D.C. Diary Anti-War Protests
The Capitol building
11 a.m.

I’m late for the start of the protests, so I take a cab to the Capitol in order to make it on time. Looking out the window during the ride, I read the posters carried by the arriving protesters. Some are relatively tame – drawings of doves or cardboard pieces of paper saying things like “Grandmothers against the War,” or simply “Peace.” Others are more political – “Stop this racist war,” “George W. Bush: War Criminal” and various other posters making the obvious sexual play on words involving the names Bush, Dick, and Colin.

“Crazy people,” my cab driver mutters as we drive by. Eager to know his political standing on the protests, I ask him why.

“It must be zero degrees outside. Too cold to protest anything,” he responds.

He is right. The bitter cold is a constant factor during the protest though it does not seem to deter the crowd. People are packed in tightly all down the Mall and would be later walking down Pennsylvania Ave. to the Navy Yard. Taking a break to warm up (the desire to regain feeling in my fingers and toes outweighs my desire to hear another speech), I find many protesters resting in the nearby museums and coffee shops. After a few minutes, most of them get right back up on their feet and venture back outside.

After stomping my feet and rubbing my hands together for a few minutes, I too venture back out into the cold. Amazingly, Ralph Nader is standing on the corner of the street, alone except for one companion, waiting for a taxi. I seize the opportunity and run up to him.

“Mr. Nader, I’m a writer for a George Washington University student newspaper. What do you think of these protests? Could you compare student involvement in protests now with the student’s protesting in the ’60s?”

Nader looks at me, smiles and offers up his valuable wisdom.

“Aren’t they beginning to march now? You’d better go.”

He walks away to go look for a cab. All in all, I thought it was a wonderful interview.

Northeast D.C.
12:30 p.m.

I decide to find a group of protesters to attach myself to. I’m hoping to get a sense of what drives some people, both busy adults and busy students, to travel hundreds of miles to march out in the freezing cold.

I find a church group from Ohio that looked friendly enough to take on a curious reporter. This is where I meet Fred and Wilma (I successfully avoid making the obvious Flintstones jokes during our entire conversation).

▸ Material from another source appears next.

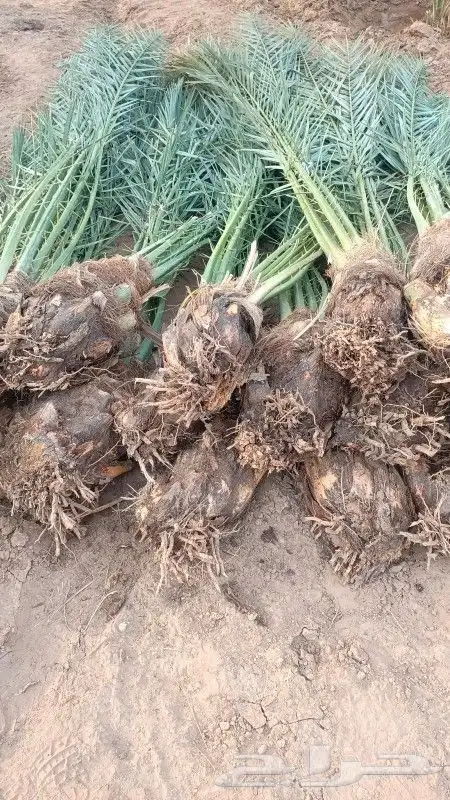 نخل للبيع 0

This couple is probably in their mid-50s, have been married for 18 years and first met each other during the Vietnam War protests. In between their singing of “Marching in the Light of God” and “We Shall Overcome,” I fit in a few questions. What did they think of the college protesters of today?

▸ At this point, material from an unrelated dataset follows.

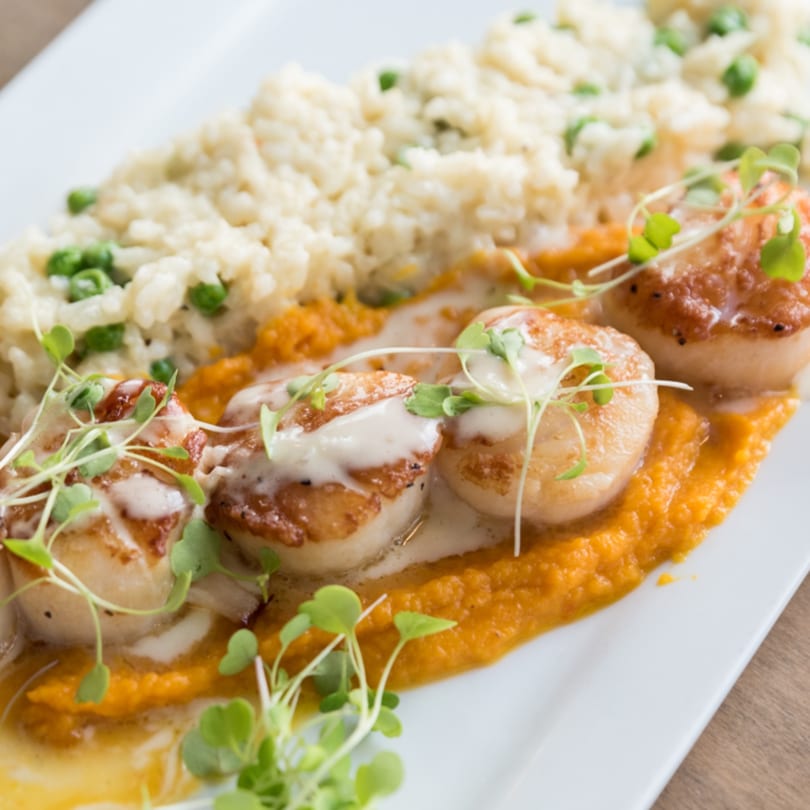 Seared scallops on orange puree with white sauce, microgreens, and risotto with peas.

“Oh, they remind me of what we were like at that age,” says Wilma. “And their hearts are in the right place … marching for peace, standing up to government imperialism. It makes me proud.”

Fred chimes in, saying he “see(s) the same hunger for peace … and the same disgust over racism, government colonialism and wars fought for corporate profits” that he saw in the Vietnam protests.”

There is a strong ’60s protest mentality present in today’s demonstration. A majority of the protesters are either aging hippies – the veterans of the Vietnam War protest – or more mainstream adults like Fred and Wilma, who have come with their church groups. If one excludes the small sons and daughters the adult demonstrators brought with them, the average age of the crowd is probably about 30.

The crowd’s images and are often modifications of the same ones used in Vietnam protests. Peace symbols are everywhere and there is considerably more tie-dye than one is used to seeing nowadays outside a Phish concert or Austin Powers movie. Chants older than any college student, such as “One, two, three, four, we don’t want your racist war,” “Hey he, ho ho, fascist government has got to go” and “Hell no, we won’t go!” are some of the favorites among the protesters.

Eastern Market
3 p.m.

I sat down near a Metro stop around to rest for awhile before I left the protests. As the protesters march by, I see a 50ish woman standing on the sidewalk. She is decked out in “peace” paraphernalia – buttons with pictures of doves and slogans saying “make love not war” and “not in our name.” The protesters are chanting “George Bush, we know you! Your father was a killer too!” The woman is silent; it’s not one of the chants she is accustomed to. Someone starts up “Hell no, we won’t go!” The woman repeats the chant with feeling.